OUTDR writes to the Port directly, BSHR directly sets or resets a pin by writing a 1 into the correct place.
BSHR is better for single pin changes as you don't have to read the port value first, modify (mask) to preserve the rest and write back.
Just write a 1 somewhere, pin x of Port y will (re)set
If you want to load an entire byte like 0x35, overwriting the entire port, OUTDR is the way to go, this is what you would use with PortC, sending a whole byte to the bus.
It's going to hell due the printf calls you use, they're stalling your code flow.
Your code is misleading:
uint8_t D5_is_pressed = !GPIO_digitalRead(GPIO_port_D, 3); // but PD3 is A3 ?
uint8_t RW_low = !GPIO_digitalRead(GPIO_port_D, 4); // But PD4 is CS0 ?
Not sure, but it seems to me you must use better timing accuracy.

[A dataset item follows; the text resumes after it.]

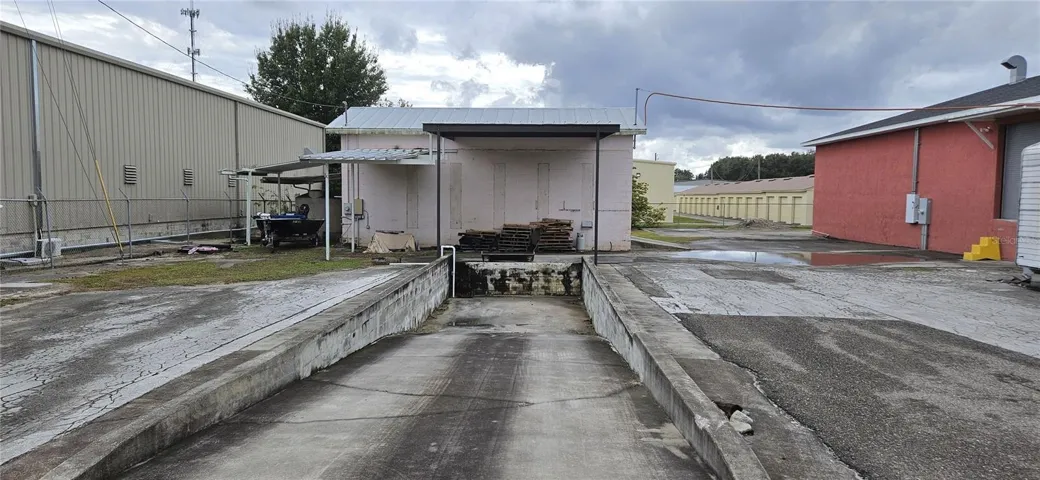 Block storage building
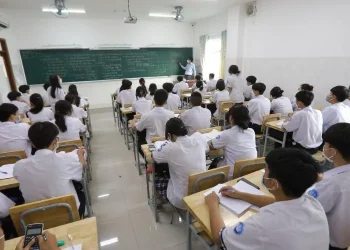 Cách chọn trường phù hợp tài chính: Tránh sai lầm khiến cha mẹ “đuối tiền”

Instead delay_us(0.2) try inserting few NOPs, they waste one CPU clock so 20.8ns, so try:
// 10 NOPs, 208ns
asm("nop\nnop\nnop\nnop\nnop\nnop\nnop\nnop\nnop\nnop”);
20.8ns is the lowest delay you can get, or multiples of it.
Ensure to properly check the 6502 bus timings, 200ns seems too small for a bus running at 1.77MHz (282ns seems like it?) but I have no idea about it so it could be correct.